Task goal: Would you transcribe the entries below, beginning at the line with "Course number and" and ending after the line with "If I want to", exactly, with no picture and nothing more?

Data for review:
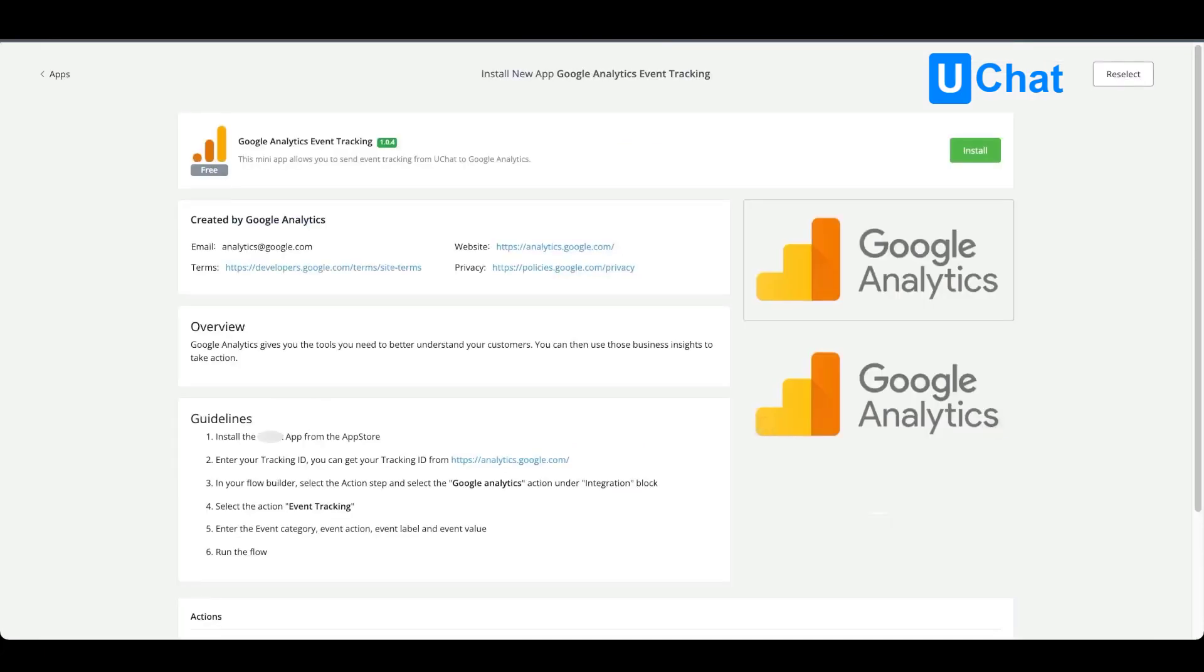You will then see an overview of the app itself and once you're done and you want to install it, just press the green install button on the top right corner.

...

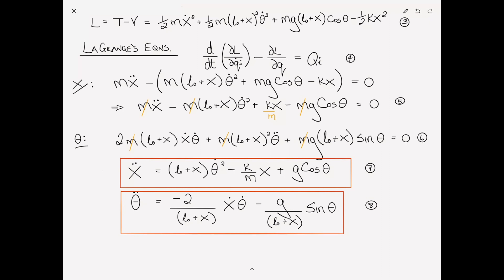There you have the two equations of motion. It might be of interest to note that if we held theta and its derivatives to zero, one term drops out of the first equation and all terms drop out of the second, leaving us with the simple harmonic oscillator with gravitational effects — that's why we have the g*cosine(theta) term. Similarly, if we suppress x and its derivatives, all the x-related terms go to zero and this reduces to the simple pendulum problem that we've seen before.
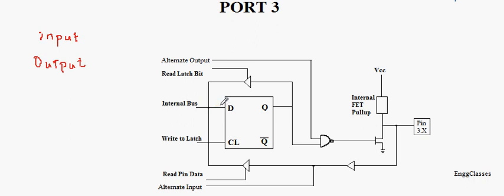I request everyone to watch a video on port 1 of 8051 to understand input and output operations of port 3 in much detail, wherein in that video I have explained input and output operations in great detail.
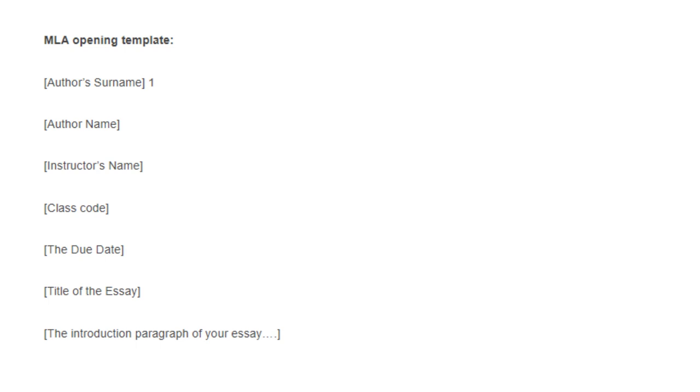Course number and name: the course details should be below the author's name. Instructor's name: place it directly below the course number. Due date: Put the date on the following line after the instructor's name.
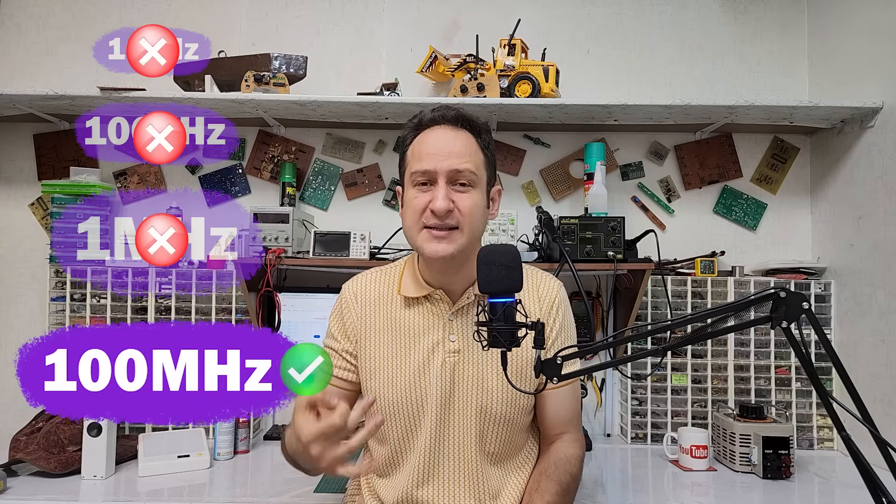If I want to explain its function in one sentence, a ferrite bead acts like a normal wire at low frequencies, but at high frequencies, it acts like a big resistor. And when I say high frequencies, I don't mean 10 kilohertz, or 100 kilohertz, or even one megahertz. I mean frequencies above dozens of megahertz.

Solution to the problem:
Course number and name: the course details should be below the author's name. Instructor's name: place it directly below the course number. Due date: Put the date on the following line after the instructor's name.
If I want to explain its function in one sentence, a ferrite bead acts like a normal wire at low frequencies, but at high frequencies, it acts like a big resistor. And when I say high frequencies, I don't mean 10 kilohertz, or 100 kilohertz, or even one megahertz. I mean frequencies above dozens of megahertz.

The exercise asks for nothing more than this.